Task directions:
What is wanted is every line below from the one with "4 Marla Corner" up to and including the one with "Mặt tiền trương", retyped exactly, pictures excluded, nothing else.

The data:
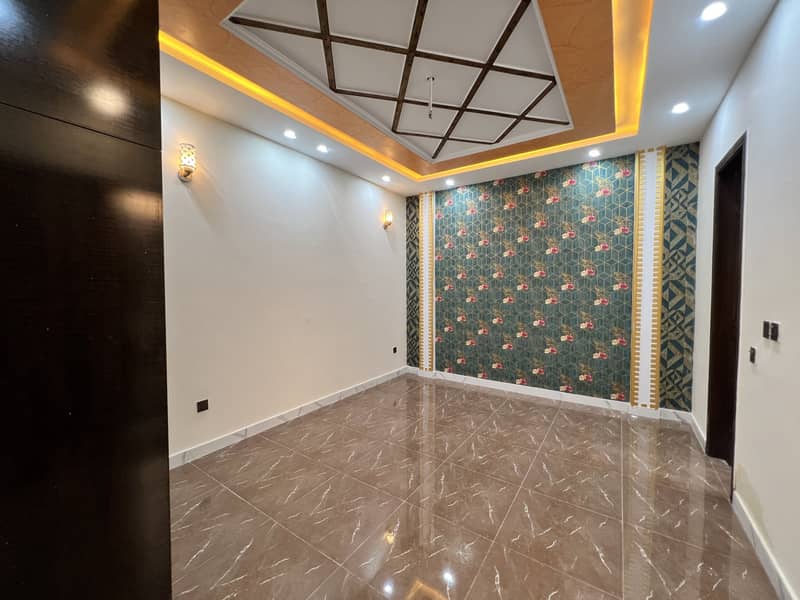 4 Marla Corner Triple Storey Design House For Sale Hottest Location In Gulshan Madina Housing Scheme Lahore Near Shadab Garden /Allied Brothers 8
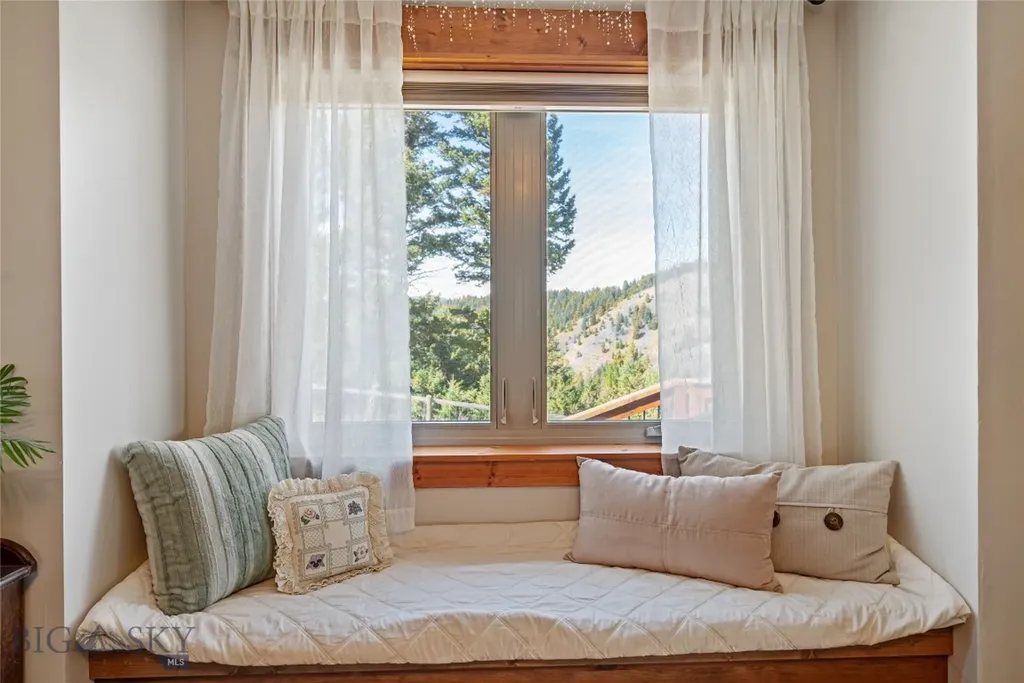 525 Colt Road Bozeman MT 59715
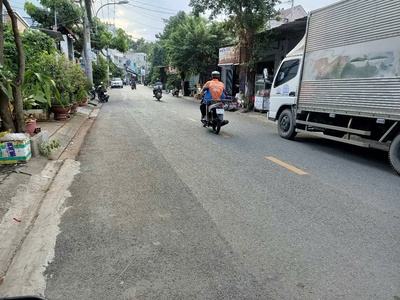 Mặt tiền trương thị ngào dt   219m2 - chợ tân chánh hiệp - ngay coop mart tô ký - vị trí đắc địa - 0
---
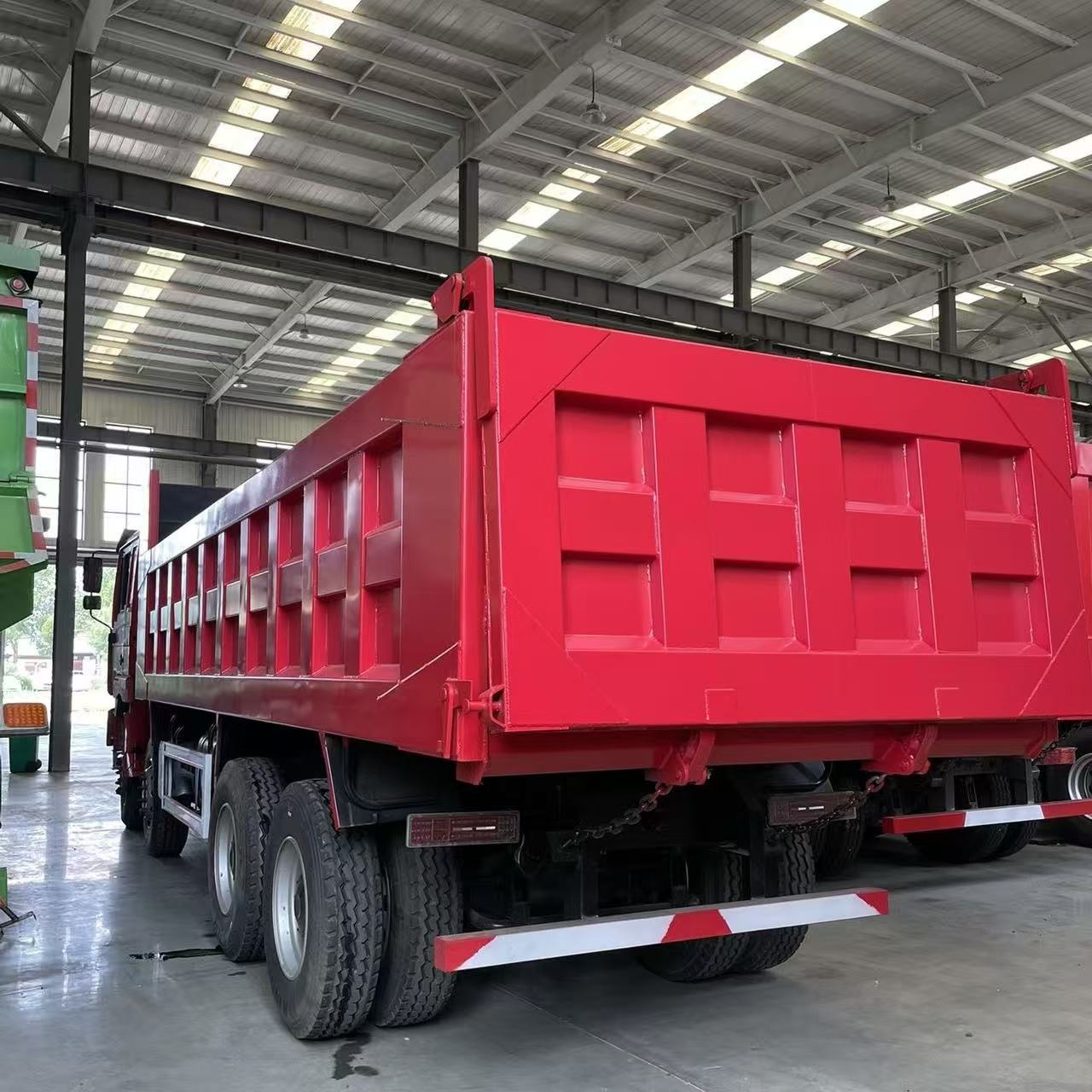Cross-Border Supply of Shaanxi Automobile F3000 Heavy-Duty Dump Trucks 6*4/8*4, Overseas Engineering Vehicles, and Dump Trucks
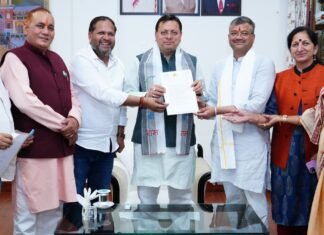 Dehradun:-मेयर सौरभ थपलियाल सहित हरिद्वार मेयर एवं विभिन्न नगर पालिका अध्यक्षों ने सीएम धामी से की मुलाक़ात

Task solution:
 4 Marla Corner Triple Storey Design House For Sale Hottest Location In Gulshan Madina Housing Scheme Lahore Near Shadab Garden /Allied Brothers 8
 525 Colt Road Bozeman MT 59715
 Mặt tiền trương thị ngào dt   219m2 - chợ tân chánh hiệp - ngay coop mart tô ký - vị trí đắc địa - 0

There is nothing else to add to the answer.